Election Commission’s credibility is under scrutiny as the INDIA bloc turns 'vote theft' allegations into a broader referendum on the poll body's integrity, with opposition protests, fuelled by Rahul Gandhi's claims of electoral fraud

Bold allegations: Rahul Gandhi at the August 7 news conference | Sanjay Ahlawat

The opposition bloc wanted just one addition to its political arsenal—a narrative strong enough to take on the BJP’s claims of economic, social and political progress. Rahul Gandhi’s “vote chori (theft)” presentation on August 7, highlighting alleged fraud in the electoral system, seems to have given them that narrative just two months before the Bihar assembly elections. Four days later, more than 300 opposition MPs held a well-coordinated protest against the Election Commission.

The “vote theft” slogan is far more emotive than “EVM manipulation”, because it casts the act as targeted and personal—“someone is stealing your vote”. In electoral politics, this is like a dynamite.

The Trinamool Congress, usually misaligned with the broad-based opposition, and the Aam Aadmi Party, which had clashing interests with the Congress, came together on a common issue for the first time after last year’s Lok Sabha elections. Also, for once, all in the opposition backed Gandhi’s demand that the EC respond to his allegations.

Opposition leaders say this momentum is rare as they had not shown such cohesion even after limiting the BJP to below majority in the Lok Sabha elections.

Gandhi had tried to rally the opposition by pointing fingers at corporate giant Adani and the Rafale jet deal, but the support he hoped for did not materialise. The regional parties believed they had their own state-level agendas that mattered more to their voters than such national issues. Notably, some opposition parties have corporate ties in their states, so backing an “anti-Adani” stance could have hurt their business relationships. A Congress Lok Sabha member, speaking on condition of anonymity, said the party’s own leaders failed to pick up the Adani issue. Without a coordinated opposition push, the BJP would easily reframe such debates.

Satish Jha, an associate professor of political science at Delhi University, says that a weak opposition has meant that the BJP could work the same even though it is now in a coalition. There have been several allegations against electronic voting machines before, but Jha says the difference now is that Gandhi has “come out with some facts”. “He has given specific instances and hard data from the EC records,” he says. “Therefore, the whole opposition has come together on an issue-basis. It has nothing to do with deeper alignment.”

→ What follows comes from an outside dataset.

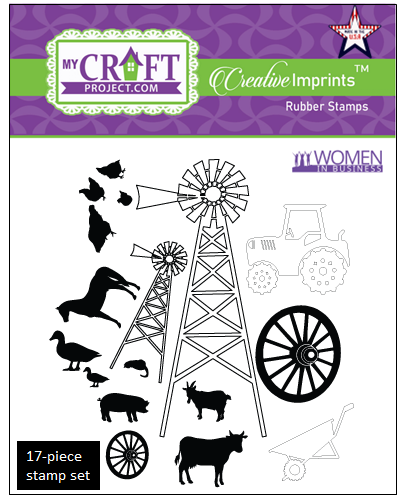 Farm Accessories" Creative Imprints rubber sentiment stamp 17-piece set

Akhilesh Yadav and Sharad Pawar added more fuel to the fire. The Samajwadi Party president claimed there was vote theft in the 2022 assembly elections in Uttar Pradesh. “We have already filed 18,000 affidavits after the elections showing there was vote theft,” says party spokesperson Kirti Nidhi Pandey. “There was no response from the EC.”

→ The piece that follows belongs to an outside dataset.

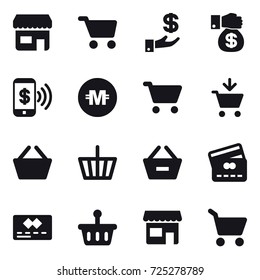 16 vector icon set : shop, cart, investment, money gift, phone pay, crypto currency, add to cart, basket, remove from basket, credit card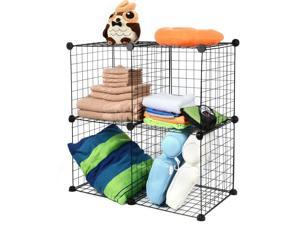 4-Cube Storage Shelving Rack DIY Wire Grid Bookcase Modular Books Toys Clothes 4-Cube Storage Shelving Rack DIY Wire Grid Bookcase Modular Books Toys Clothes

Pawar, the Nationalist Congress Party (SP) founder, claimed that two persons had approached him before last year’s Maharashtra assembly elections, offering to secure 160 of the state’s 288 seats for the opposition. This was a sign of what Pawar claims was a wider malignancy in the electoral system.

No hurdle too high: Akhilesh Yadav during a protest march outside the Election Commission office | Rahul R. Pattom

The current campaign, say political observers, has strengthened the opposition before the Bihar elections. Parthav Mukerjee, CEO of Analytico Data Analysis Private Limited—which works at the booth-level across states and is affiliated with the Congress—says that the presentation of facts has provided momentum to the Mahagathbandhan in Bihar. “If we go by the views of people right now, it is going to have a big impact on the results,” he says. “There is resentment being seen on ground.”

The question is, how will the opposition connect the allegations to the BJP? “What is the standard method of approaching proof?” asks former Union law minister Salman Khurshid. “It is the ‘proof of circumstance’, which Gandhi has made 100 per cent clear with his evidence. Even an ordinary person can tell that there is clear circumstantial evidence. The onus is on the EC. Instead, it appears to be shifting responsibility onto Gandhi.”

Khurshid thinks the opposition has clinching proof and no tribunal or any forum can reject it. “If any reasonable person, irrespective of his political leaning, is given proof, he will act on it,” he says. “This is serious enough and clear enough for the courts to take a position on this.”

The EC, meanwhile, has gone into a rare public overdrive. Its problem is that “vote theft” is inherently a political allegation that targets its credibility. Instead of its usual clipped, procedural replies, it has taken an almost combative stance and is issuing public clarifications with unusual frequency. This marks a departure from its traditional role as a quiet referee and risks blurring the line between a constitutional umpire and a political participant. That is precisely the minefield the INDIA bloc wants it to step into.

The EC’s current strategy is two-pronged. First, it is publicly challenging the opposition to produce evidence, thereby placing the burden of proof on them. Second, it is putting out data, statistics and timelines in an attempt to overwhelm the narrative with procedural detail. This is meant to showcase competence and transparency, but it risks drowning itself in bureaucratic defensiveness.

What makes this dangerous for the EC is the political calendar. With key state elections approaching, every procedural misstep, a delay in updating electoral rolls or even a contradictory press note will be seized upon as fresh ammunition. Also, the “vote theft” slogan is far more emotive than “EVM manipulation”, because it casts the act as targeted and personal—“someone is stealing your vote”. In electoral politics, this is like a dynamite.

By wading so visibly into rebuttal mode, the EC sets a dangerous precedent. The more it reacts to political framing, the more it gets entangled in partisan narratives. The institutional strength of the EC lies in its ability to inspire trust through process integrity, not rhetorical combat.

If the EC cannot recalibrate, the INDIA bloc might succeed in turning this into a broader referendum on the poll body’s credibility. That could have consequences far beyond these elections, eroding the EC’s moral authority, inviting judicial oversight and reshaping the public’s faith in the electoral process itself.